§ GOAL OF THE EXERCISE
A word-for-word copy of the lines below, starting at the line with "Honda Gelar Honda" and ending at the last one, is what you should give. Omit every picture.

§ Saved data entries
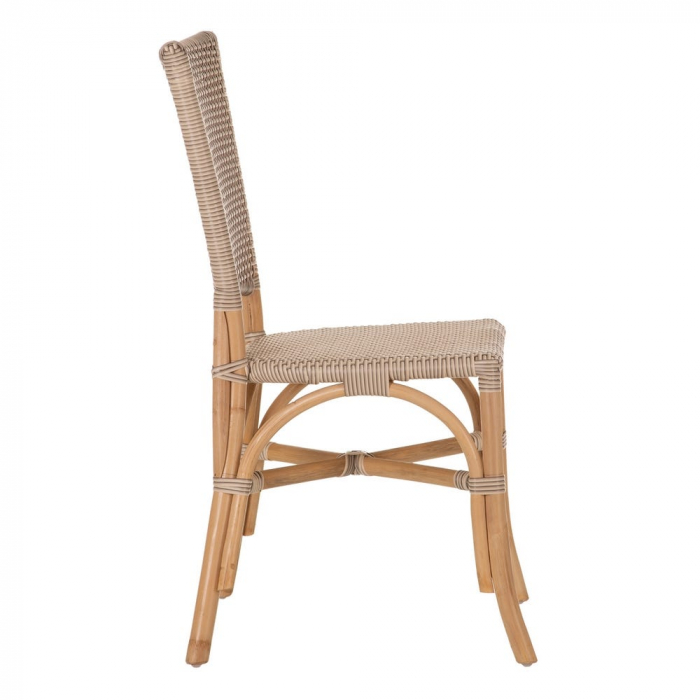 Scaun din ratan 44 X 54 X 89 CM [3]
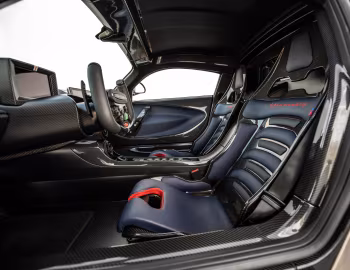 Intérieur 2021 Hennessey Venom F5 (#02) '04.2021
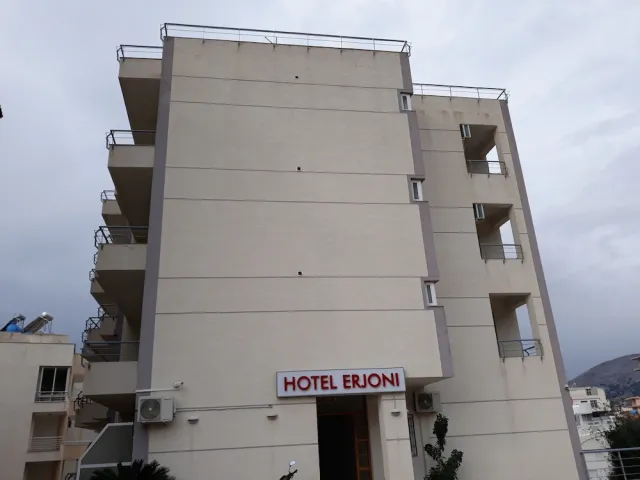 Hotellbilder av Hotel Erjoni - nummer 1 av 91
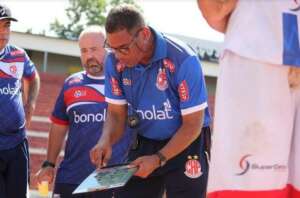 Segundona: Após perder invencibilidade de 11 jogos, treinador quer Penapolense focado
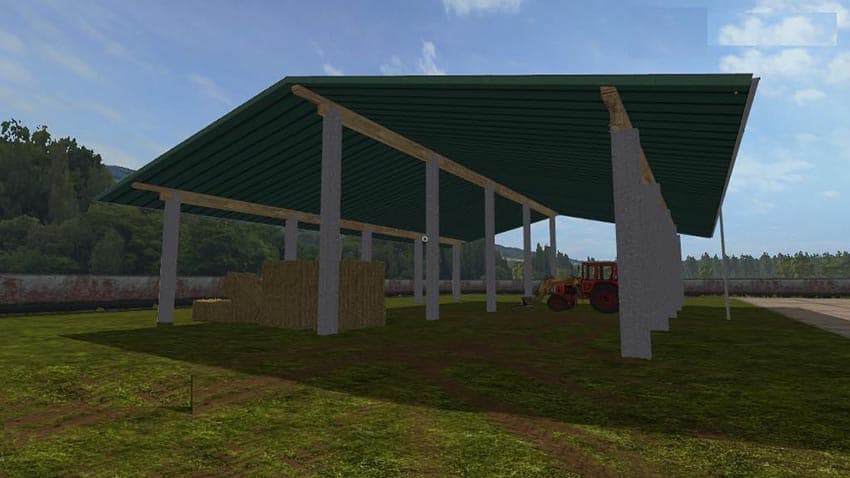 Straw Storage 3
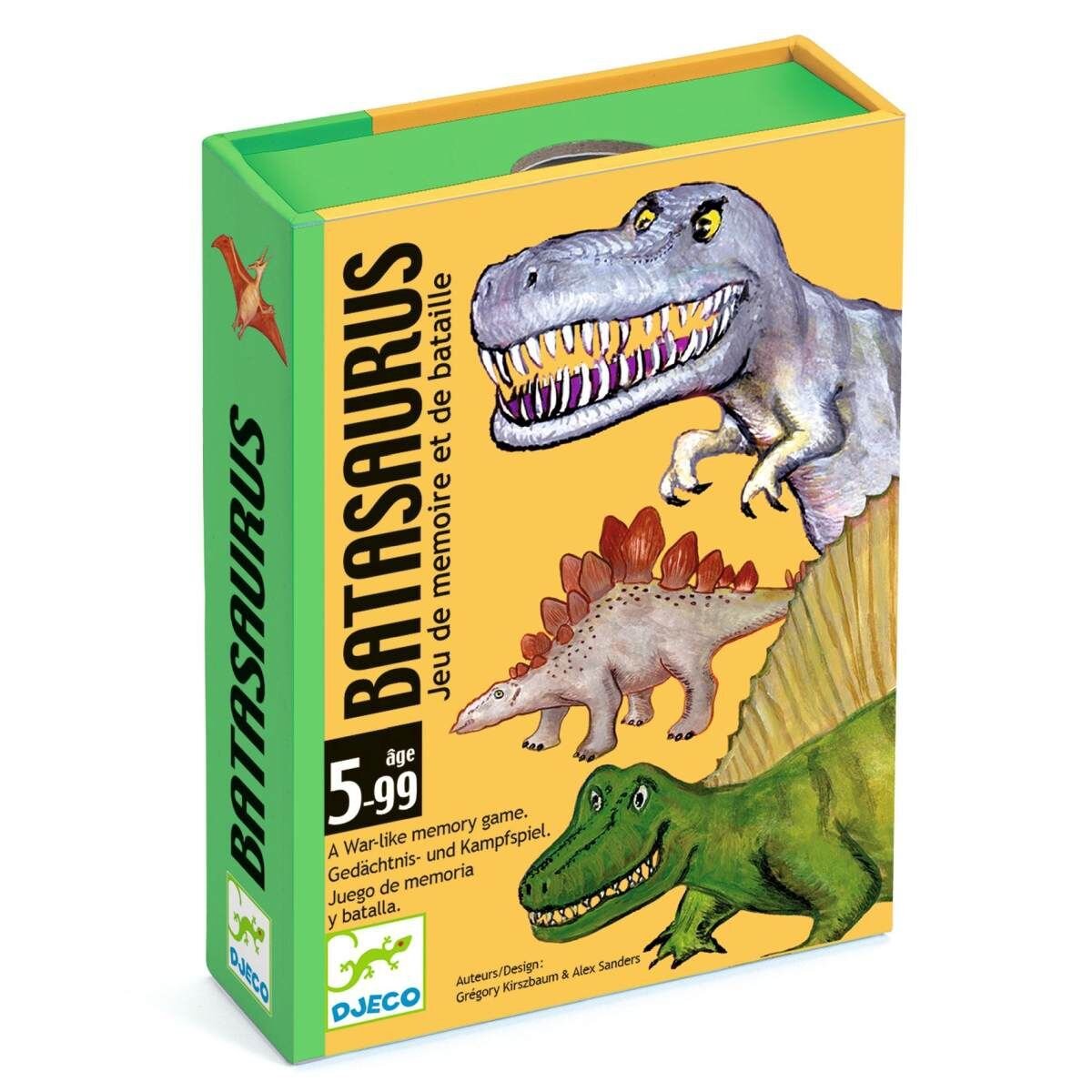 Djeco Kartenspiele: Batasaurus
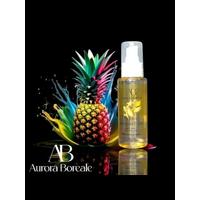 Aurora Boreale Ananas Aromalı Kayganlaştırıcı Jel  100 ML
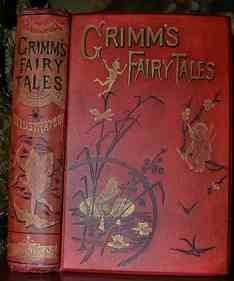     ( . .) GRIMMS' FAIRY TALES 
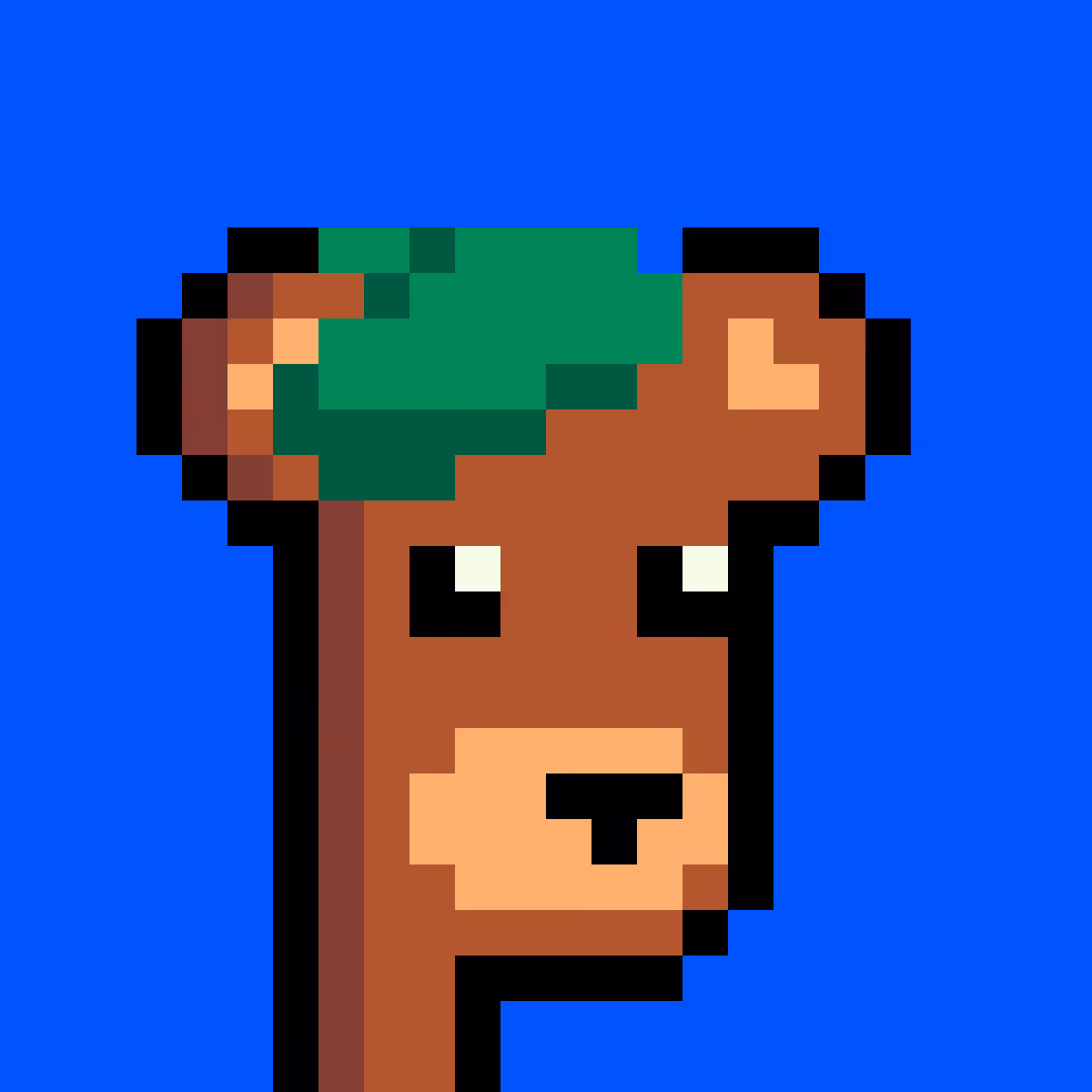 BearPunks #4450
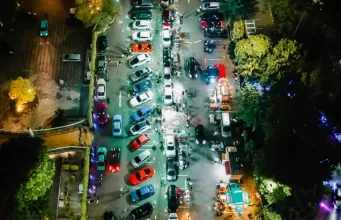 Honda Gelar Honda Culture Indonesia Night Meet Up, Bersiap Menuju Acara Puncak pada November 2026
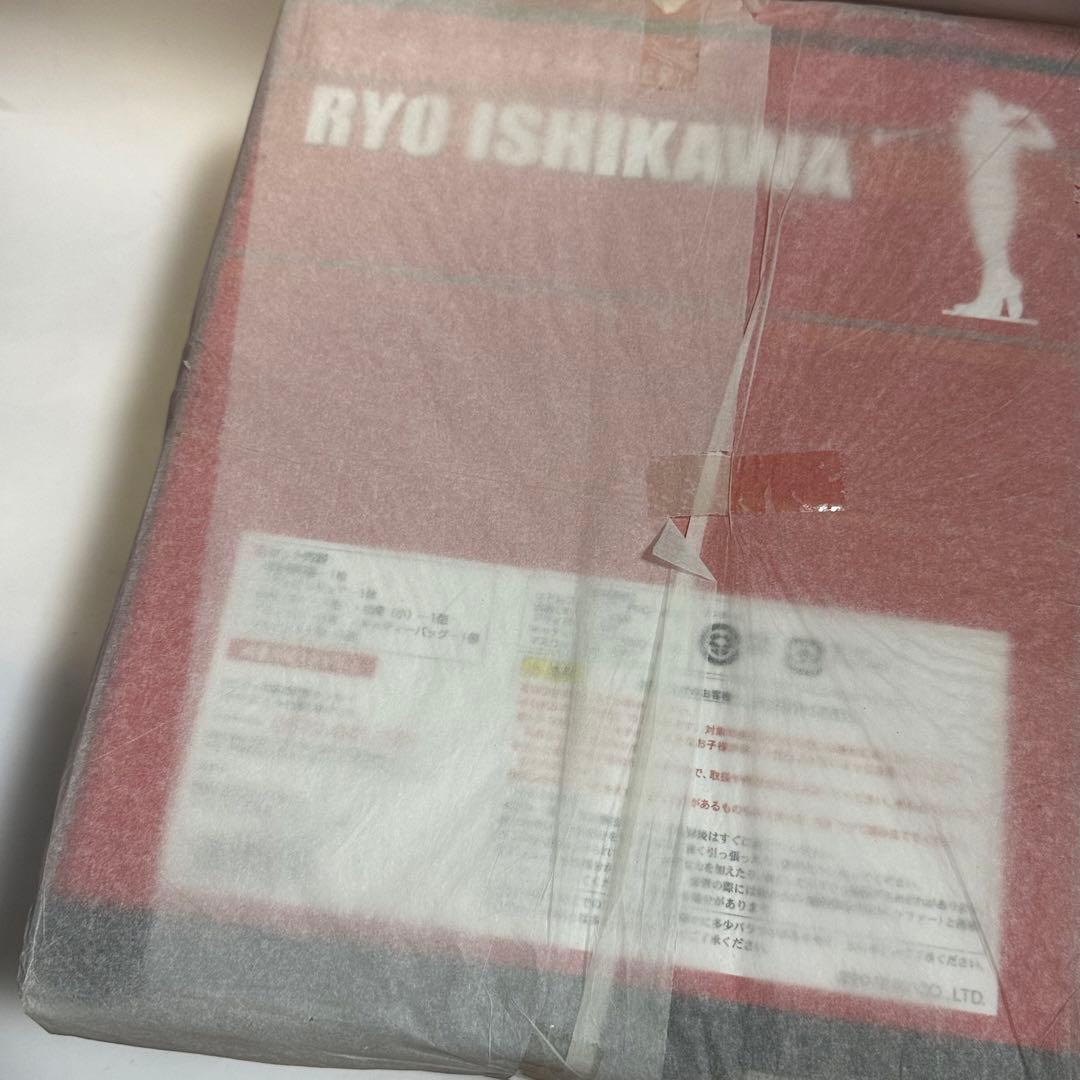 DIGITAL GRADE MASTER REAL SWING 石川遼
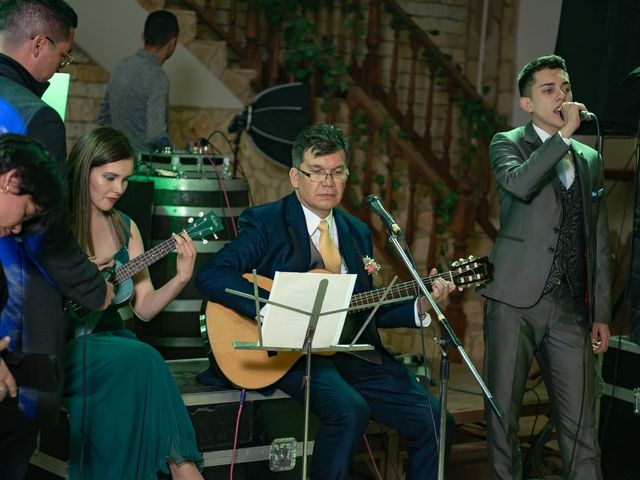 El matrimonio de Roger y Laura en El Rosal, Cundinamarca 32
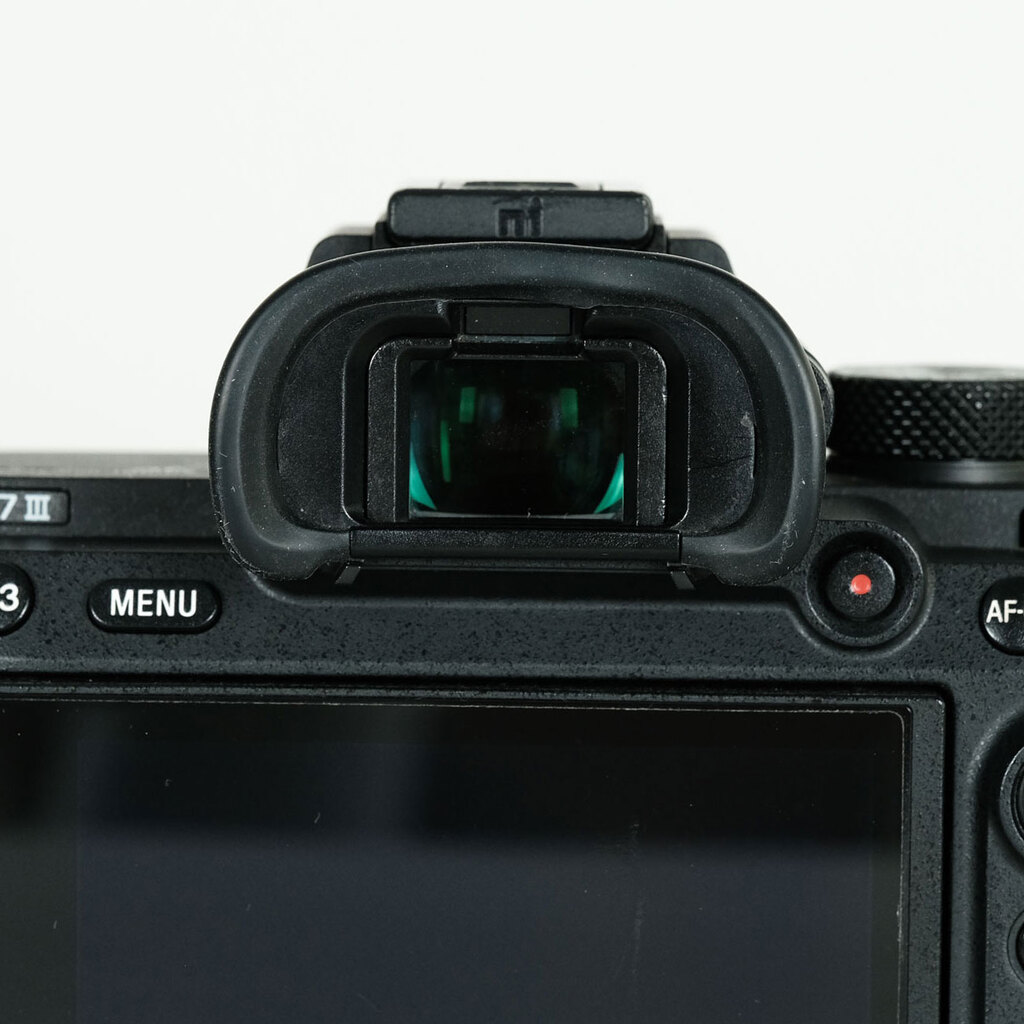 SONY α7 III（ILCE-7M3）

§ RESULT OF THIS EXERCISE
 Honda Gelar Honda Culture Indonesia Night Meet Up, Bersiap Menuju Acara Puncak pada November 2026
 DIGITAL GRADE MASTER REAL SWING 石川遼
 El matrimonio de Roger y Laura en El Rosal, Cundinamarca 32
 SONY α7 III（ILCE-7M3）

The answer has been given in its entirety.